##### The data #####
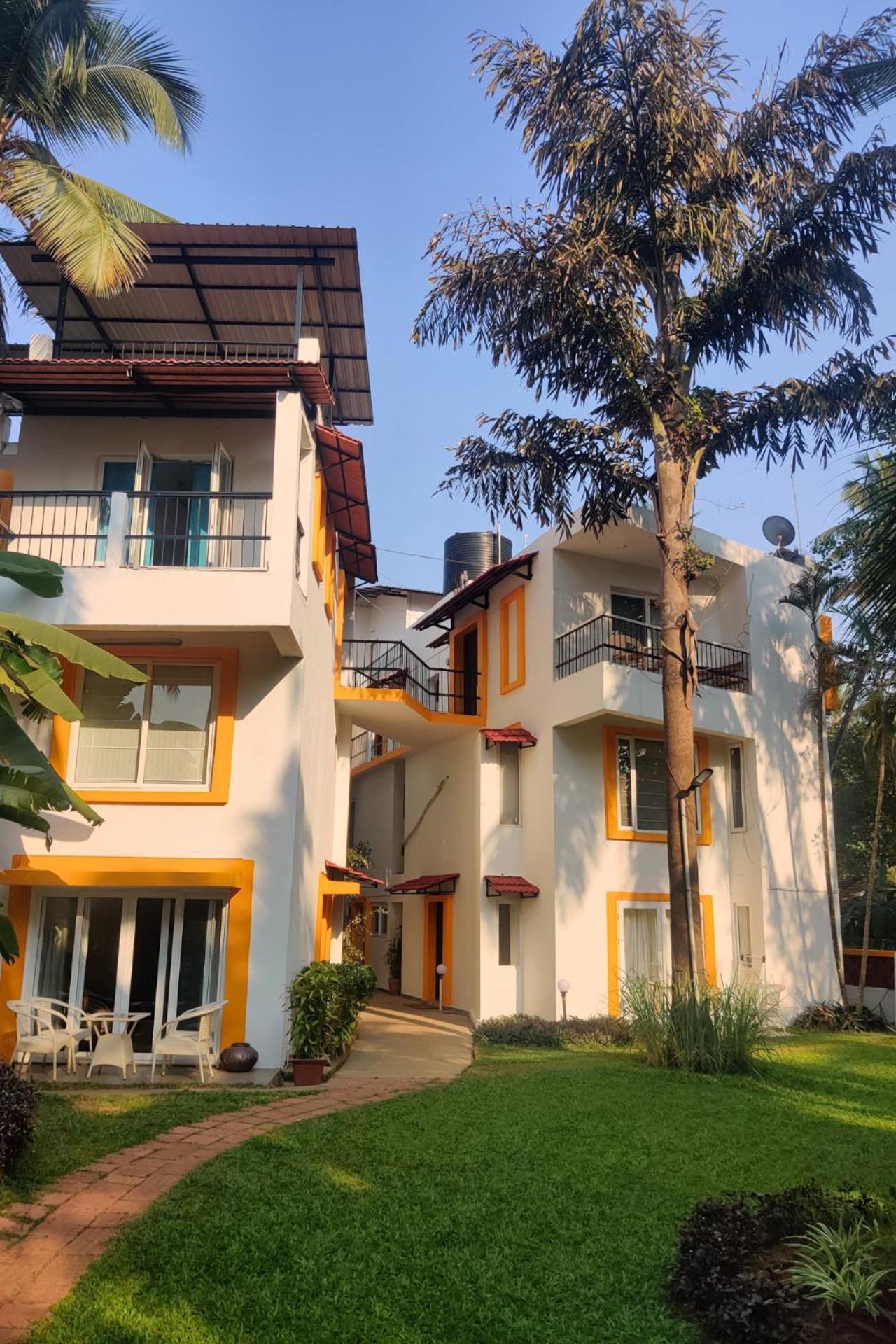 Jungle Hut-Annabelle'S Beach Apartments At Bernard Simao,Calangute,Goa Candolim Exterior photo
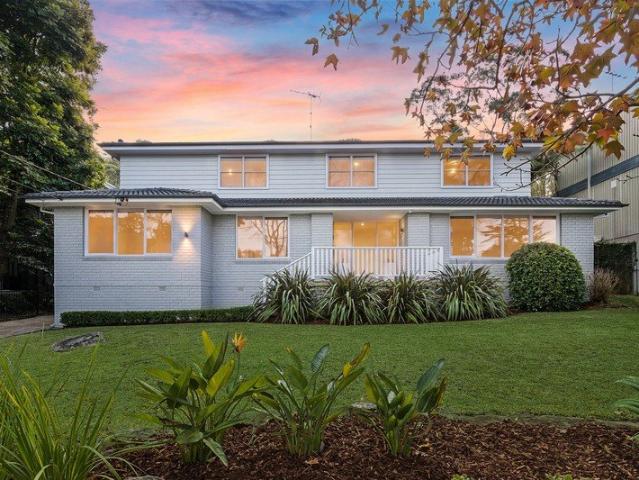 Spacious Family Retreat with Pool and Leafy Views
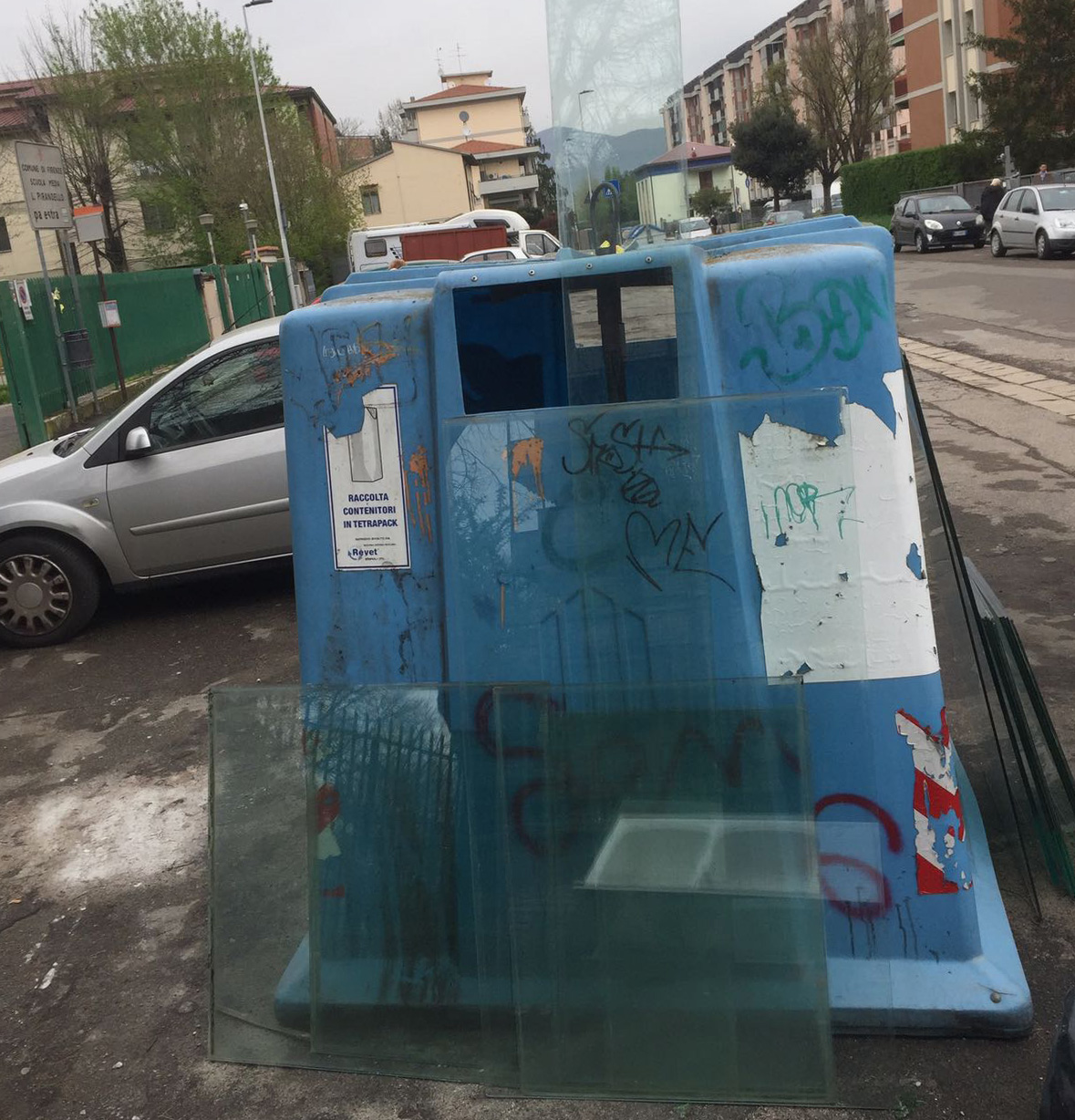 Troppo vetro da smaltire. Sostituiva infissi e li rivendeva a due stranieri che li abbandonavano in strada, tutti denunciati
#####
# To do
The response must match the listing exactly, except that pictures are removed.

# Output for this exercise
 Jungle Hut-Annabelle'S Beach Apartments At Bernard Simao,Calangute,Goa Candolim Exterior photo
 Spacious Family Retreat with Pool and Leafy Views
 Troppo vetro da smaltire. Sostituiva infissi e li rivendeva a due stranieri che li abbandonavano in strada, tutti denunciati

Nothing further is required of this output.